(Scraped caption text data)
┄┄┄┄┄┄┄┄┄┄┄┄┄┄┄┄┄┄┄┄

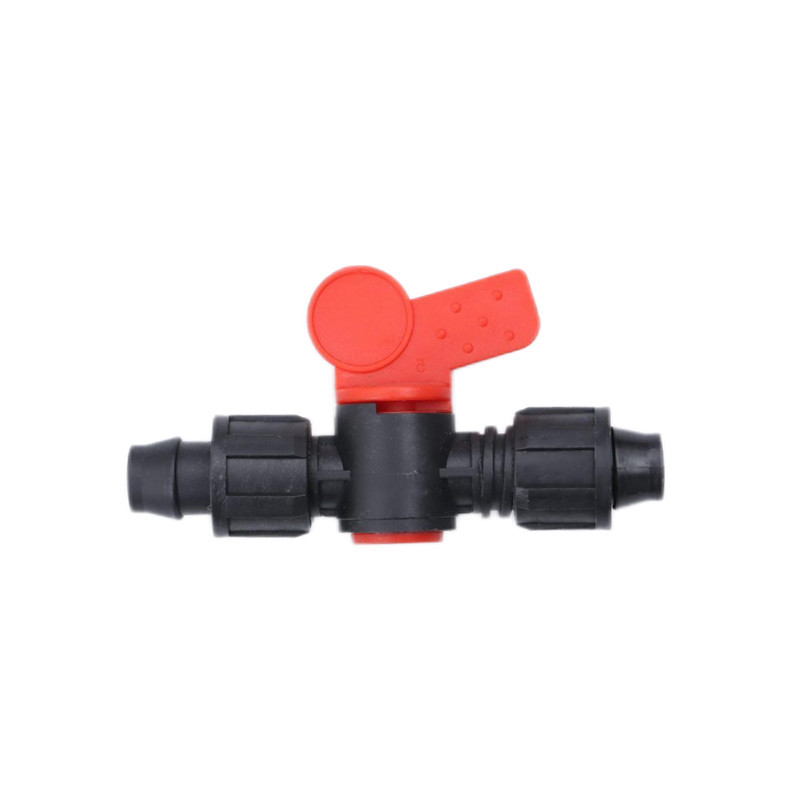 Accesorios de válvula de riego de ahorro de agua Accesorios de interruptor de plástico de válvula de conexión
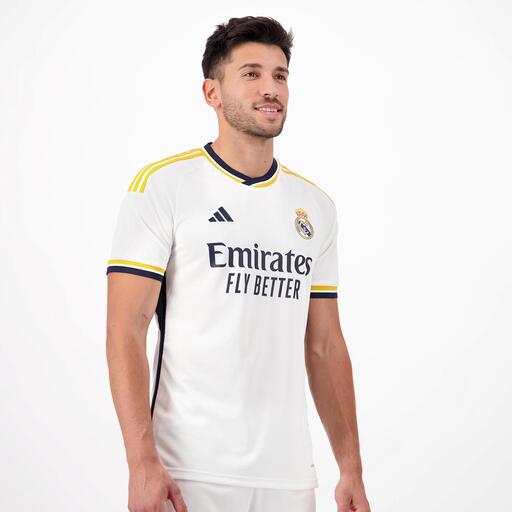 Camisa titular do Real Madrid 23/24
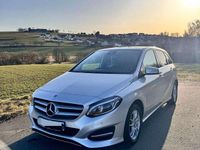Gebraucht Mercedes B180 122 PS (89 kW) 2018 Silber Van / Kleinbus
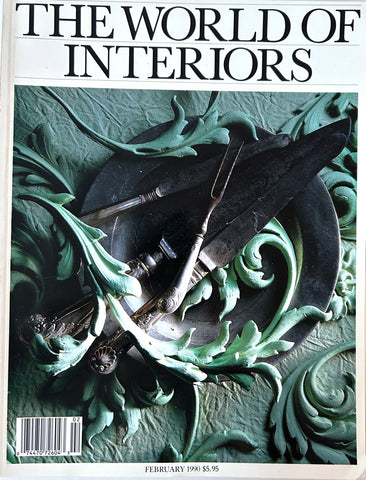 The World of Interiors - February 1990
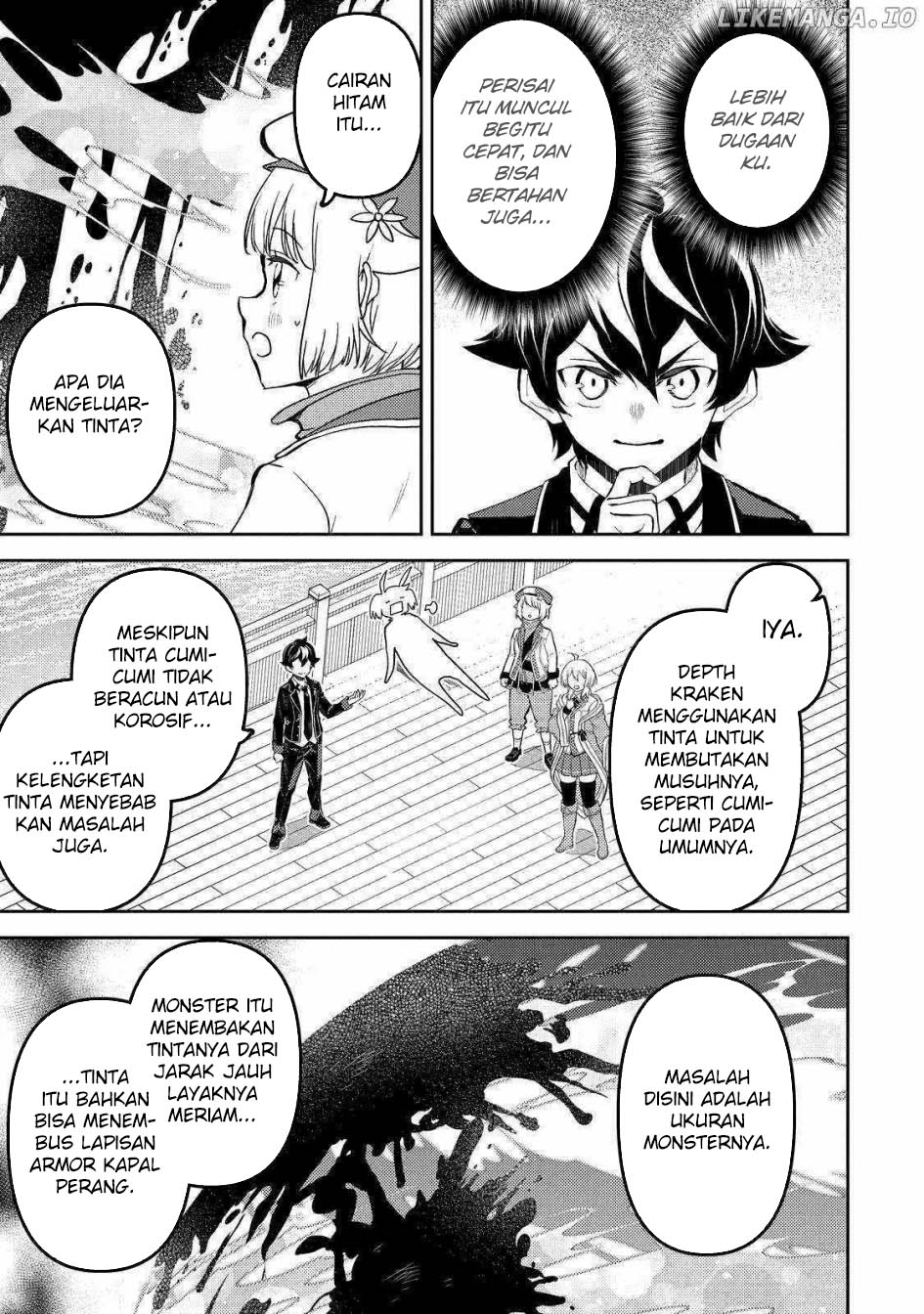 Shikkaku mon no Saikyou Kenja Chapter 77 Gambar 14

┄┄┄┄┄┄┄┄┄┄┄┄┄┄┄┄┄┄┄┄

EXERCISE: Set down every entry above again exactly, dropping each picture.

SOLUTION TO THIS EXERCISE:
 Accesorios de válvula de riego de ahorro de agua Accesorios de interruptor de plástico de válvula de conexión
 Camisa titular do Real Madrid 23/24
Gebraucht Mercedes B180 122 PS (89 kW) 2018 Silber Van / Kleinbus
 The World of Interiors - February 1990
 Shikkaku mon no Saikyou Kenja Chapter 77 Gambar 14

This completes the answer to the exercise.